Development and trafficking of type 1 and type 17 mucosal-associated invariant T cells

Mucosal-associated invariant T (MAIT) cells colonize mucosal tissues where they become tissue-resident and have important protective and homeostatic functions.

MAIT cells are selected in the thymus by microbial metabolites presented by MHC-related protein 1 (MR1) on thymocytes thereby acquiring an effector phenotype (type 1 or 17).

This project aims at elucidating mechanisms that regulate the last stages of thymic MAIT cell development, including their egress, and identify cues necessary for tissue colonization.

Specifically, we will couple transcriptomics and thymus transplantation models to analyze canonical thymic MAIT cell development, thereby identifying new regulators of the MAIT1/17 fates, as well as to identify MAIT cells that recently exited the thymus and seeded mucosal organs, thereby identifying new regulators of tissue adaptation.

These targets will be functionally tested in models combining CRISPR/Cas9 encoded by lentivirus with bone-marrow chimeras or adoptive transfers.

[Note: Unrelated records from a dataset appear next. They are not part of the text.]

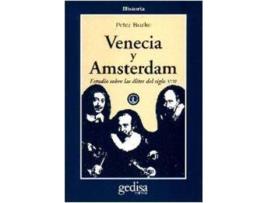Livro Venecia Y Amsterdam de Peter Burke (Espanhol)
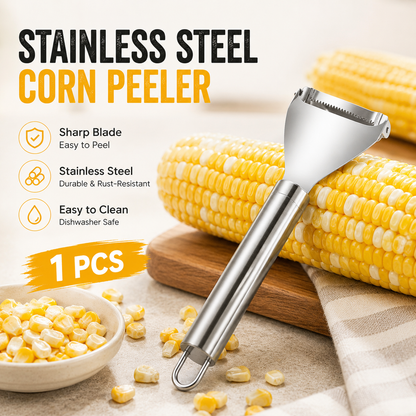 Stainless Steel Corn Kernel Remover Tool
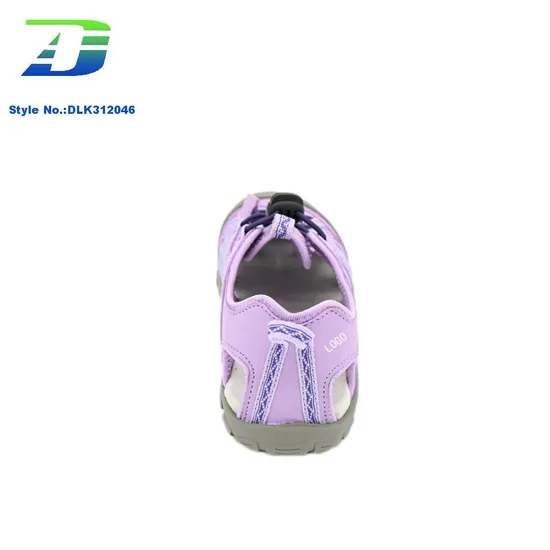 2024 Simple and Elegant Kids Casual Sandal Outdoor Anti Slip Mountaineering and Hiking Shoes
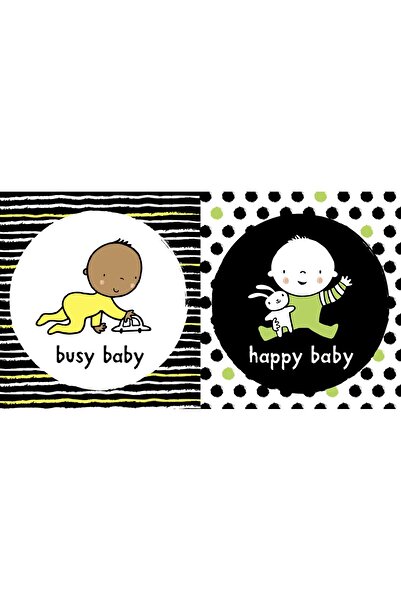 Usborne Baby's very first little black and white library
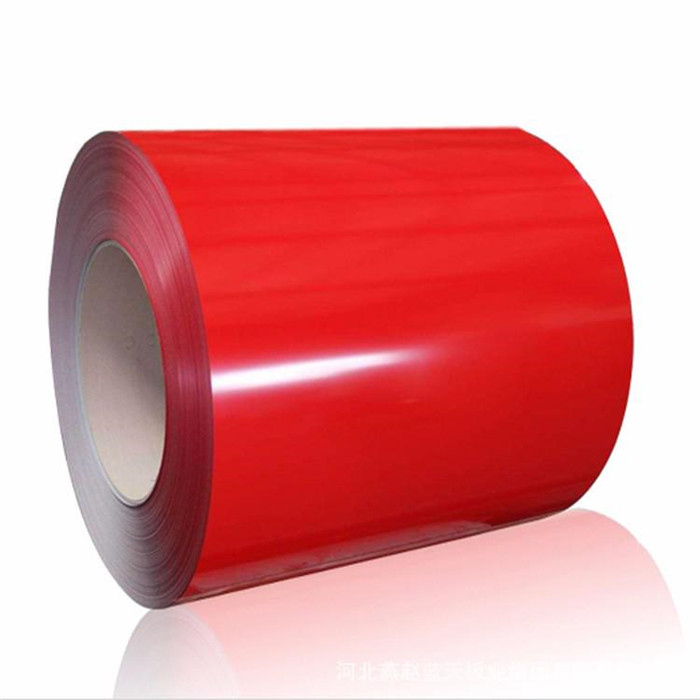 ppgi coil red- ral color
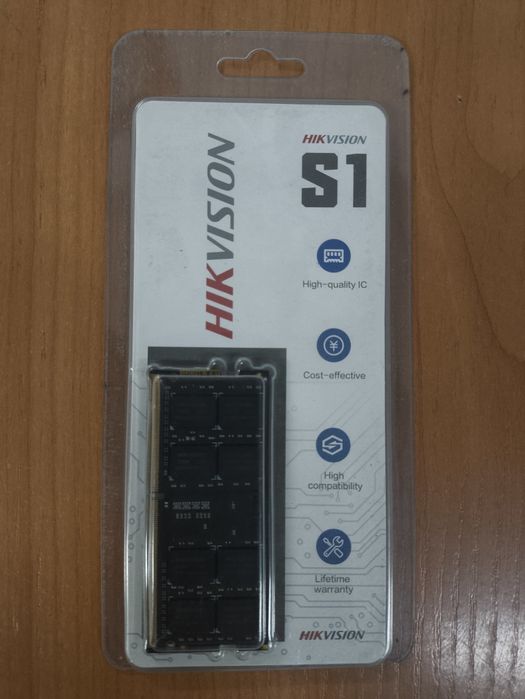 Оперативная память Hikvision S1 16GB DDR4 2666MHz SO-DIMM для ноутбука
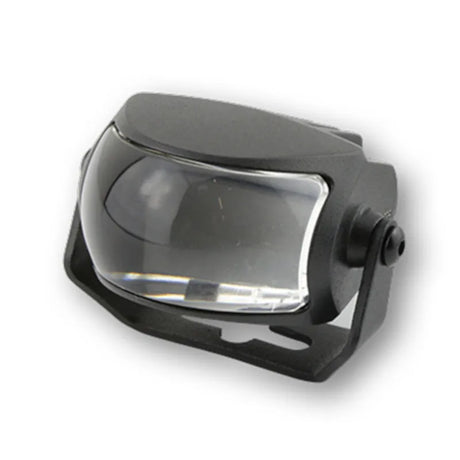 LED-Fernscheinwerfer Highsider Pro Comet-High, Schwarz, Glas Klar, E-geprüft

Additionally, we will determine the identity and dynamics of MAIT cells exiting the thymus to colonize tissues by combining different experimental approaches including in vivo EdU/biotin labeling, thymectomy and blockage of thymus egress.

Lastly, we will address whether MR1–microbial metabolites are required for the maintenance of MAIT cells in tissues at steady-state using mono-colonization/decolonization of germ-free mice and by conditionally ablating Mr1. Overall, this work will uncover fundamental mechanisms underlying MAIT cell development and tissue colonization.

Albeit outside the scope of this work, it is possible that the mechanisms uncovered here may have implications in other innate-like T cells or for the establishment of mainstream tissue-resident T cells.